Now that I have explained why Sprouts is a solid company with huge growth potential, I will focus on the stock. Analysts expect the company to earn $.83 per share next year. This would give it a forward P/E of 32.7 based on the $27.12 share price it currently trades at on May, 23rd 2014. The long-term growth rate of the company is 23.4%, so the PEG would be 1.396. This compares to the PEG of Whole Foods being 1.481, Kroger being 1.585, The Fresh Market being 0.897, and Natural Grocers by Vitamin Cottage being 0.919. Therefore, Sprouts is cheaper than Whole Foods and Kroger, yet more expensive than The Fresh Market and Natural Grocers.

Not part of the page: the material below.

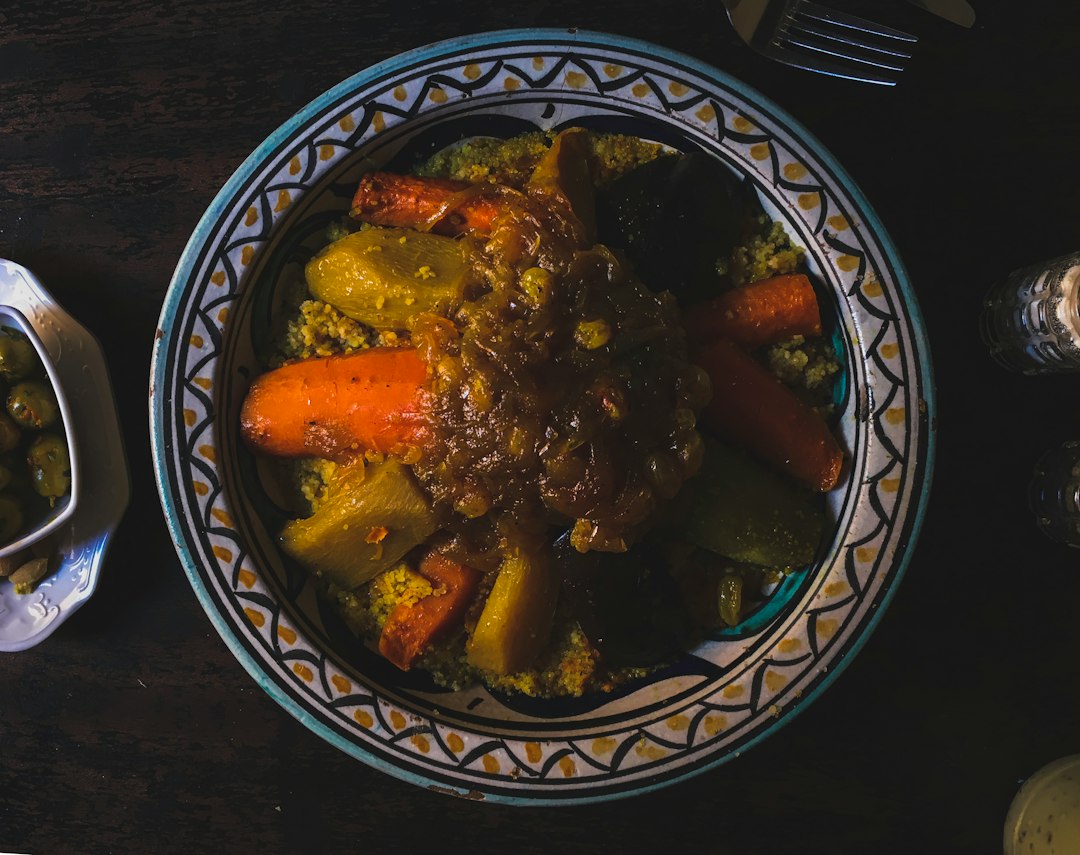 Hearty beef stew served over grains in a bowl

Sprouts definitely should be more expensive than The Fresh Market and Natural Grocers because of the fact that analysts have been revising their estimates upward for Sprouts, while they have been revising them downwards for the other two companies. Four of the six analysts making projections raised their numbers for Sprouts' 2015 earnings, while three of 13 analysts revised them downwards for The Fresh Market's 2016 earnings, and three of four analysts revised their estimates downwards for Natural Grocers' 2015 earnings. This shows that Sprouts has the most positive earnings momentum.

When looking at these previous metrics of positive earnings momentum, high same store sales growth, and 40%+ adjusted net income growth for the year, you would think that Sprouts stock would be increasing steadily. This is not the case as it is trading near its 52-week low of $25.73. The stock has been knocked down for three reasons in my opinion. The first is the high multiple that it had been trading at. Earlier this year, it had been trading in the high $30s; this would put its P/E even higher then it is now. The second reason ties into the first one; the high multiple stocks were out of favor earlier this year. Stocks such as Netflix (NASDAQ:NFLX) and 3D Systems (NYSE:DDD) corrected with their stock prices being cut by over 30% and 50% respectively. They have since started to recover, but Sprouts is still at its low. Sprouts should start to catch up in the coming weeks.

SFM Chart

SFM data by YCharts

The third reason for the stock's decline is the poor performance of Whole Foods. Whole Foods is doing poorly because of its high prices; Sprouts doesn't have high prices, so it should not go down in sympathy with it. Sprouts has a 14-day RSI of 29.07, according to This means it is oversold.

There are many risks to the thesis. One is that their business model does not transfer well in other markets (they are only in the southwest). California and Colorado are places where healthy eating is more popular than it is in other parts of the U.S. If you believe that the company cannot convince people in the Southeast to eat healthy then you shouldn't buy the stock. If you believe that food inflation will be high and Sprouts will not be able to pass on the increased costs (as it has historically done), then you shouldn't buy the stock. If the competition in the industry begins to copy Sprouts' business model of low cost produce the analysts' estimates are definitely too high. To go along with the first point, if consumer's tastes change, as they often do, and Sprouts does not sufficiently react to these changes then they will lose customers. Sprouts relies on Nature's Best for about 23% of its dry grocery and frozen food products, so if this vendor has problems with its quality, then it could adversely affect Sprouts.

In conclusion, Sprouts has a solid business plan with potential to grow from a regional player into a national one. The stock doesn't reflect this potential as the negativity surrounding the natural foods category has taken it to its 52-week low. Therefore, I believe it is a buy at $27. I would recommend you scale into the position by buying on weakness. In the near term, it may test and go below its 52-week low. If this happens, you should consider yourself lucky and buy more of it.

Disclosure: I am long DDD. I will be looking to buy SFM in the next few weeks. I wrote this article myself, and it expresses my own opinions. I am not receiving compensation for it (other than from Seeking Alpha). I have no business relationship with any company whose stock is mentioned in this article.